Here, the tantalising title (If These Walls Could Sing) feels like an unrealised promise. It suggests secrets and stories, hidden narratives waiting to be uncovered in this documentary about Abbey Road studios. Hell, it even pitches itself as the untold story, a film where Mary McCartney makes use of her connections to give us a privileged insight into one of the most important recording studios in popular music. Alas, the documentary itself is the issue, never finding a clear form or purpose beyond shifting between talking heads in a vaguely linear way; a collection of very known, or very knowable, anecdotes that don’t reveal anything together.
This is not the story of Abbey Road, this is a very standard feeling Beatles documentary interspersed with other people talking about recording at Abbey Road. There is vague interest throughout, and many of the figures are people you would want to hear from, but not much is got out of them. Each person tells very surface level narratives that only really offer stories about what happened, no sense of revelation or true insight. The true story of Abbey Road would delve into the ‘why’ more, finding out the minutiae of what makes this place special, delving into its specifics. Towards the start we have some reference to ‘high end equipment’ and ‘everything working’; what we need is a sense of the place. We know it is important; we know a bunch of people recorded great music there.
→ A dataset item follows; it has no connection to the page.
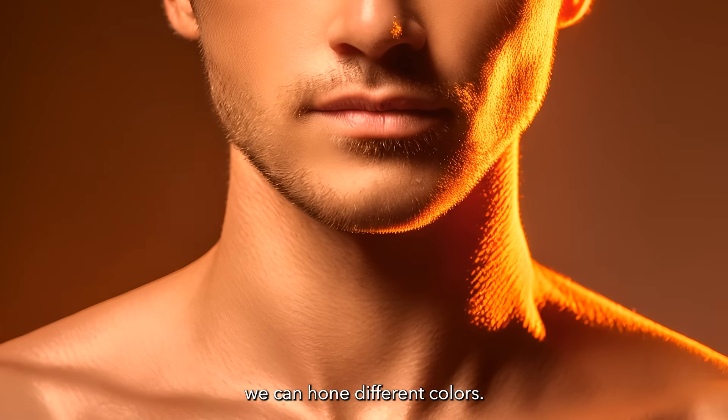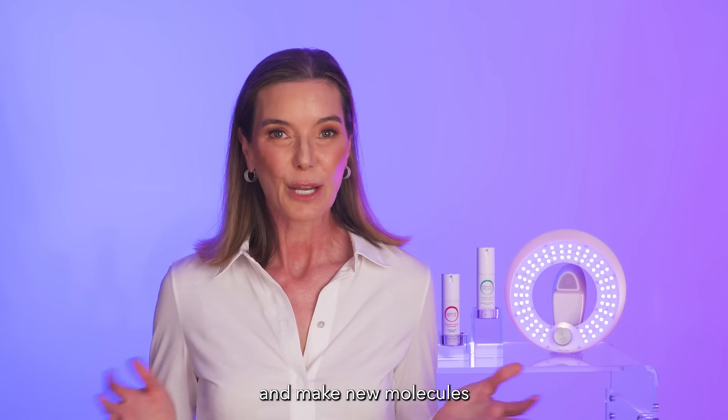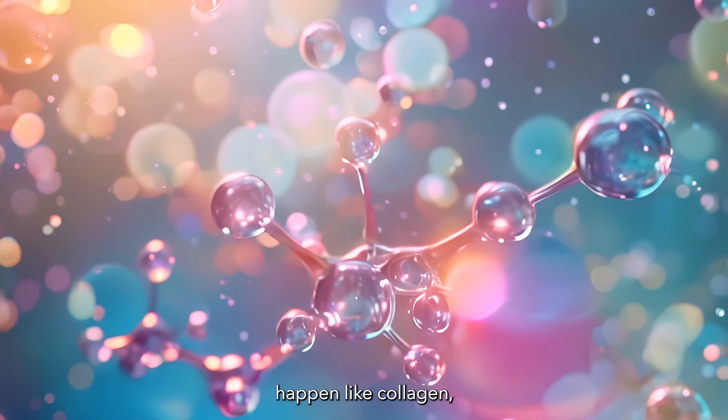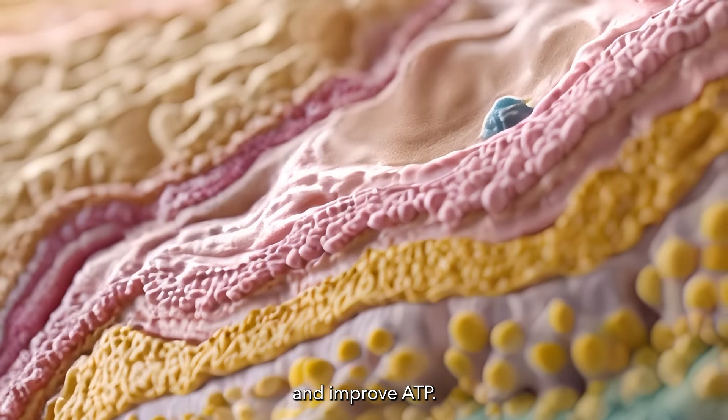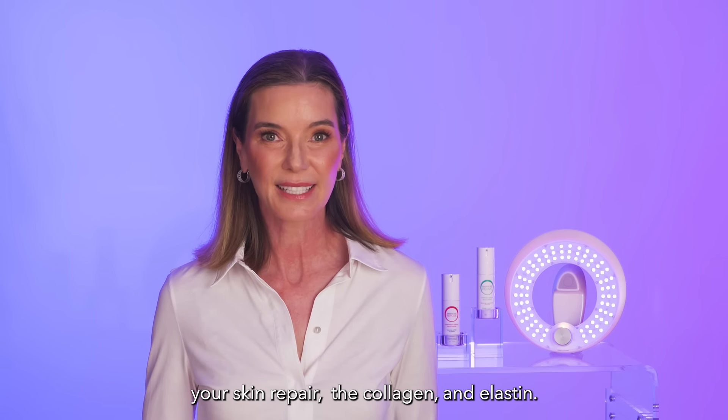With LED light we can hone different colors and target those molecules in the skin, making new molecules happen like collagen, improve ATP — that energy molecule that can really pump up your skin — and repair the collagen and elastin.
This documentary leaves us feeling it is important because people recorded great music there, a self fulfilling thing that thus implies they could have recorded these things anywhere.
The documentary in the room that must be referred to is 2013’s Muscle Shoals. This also takes on a legendary studio but it explores. It takes the idea of the place having a signature sound, of being perceived as actively impacting music (people record there to get that sound), and investigates that idea. This means we get a cavalcade of talent alongside a strong narrative core. Alongside a raison d’être. If These Walls Could Sing just gives the cavalcade, and gets so little out of it. There are figures in it with stories, with knowledge, and the interviews eek out so little. Everything is from this position of distanced awe and reverence, with no sense of the interrogative or the human angle. It is puff piece throughout.
The lasting feeling is the sense of watching a recruitment video, the kind of film an employer would put on for you about their workplace on your first day. It alludes to some struggles but the ongoing narrative is one of unquestioned and vague importance. Truly, the only really interesting thing in it is the film’s ability to place Gallagher brother interviews next to each other (to smartly edit them so some eye lines are implied to match up, which is fun) and to make them tell conflicting stories. If only the stories were more interesting and if only they fit into some cohesive whole.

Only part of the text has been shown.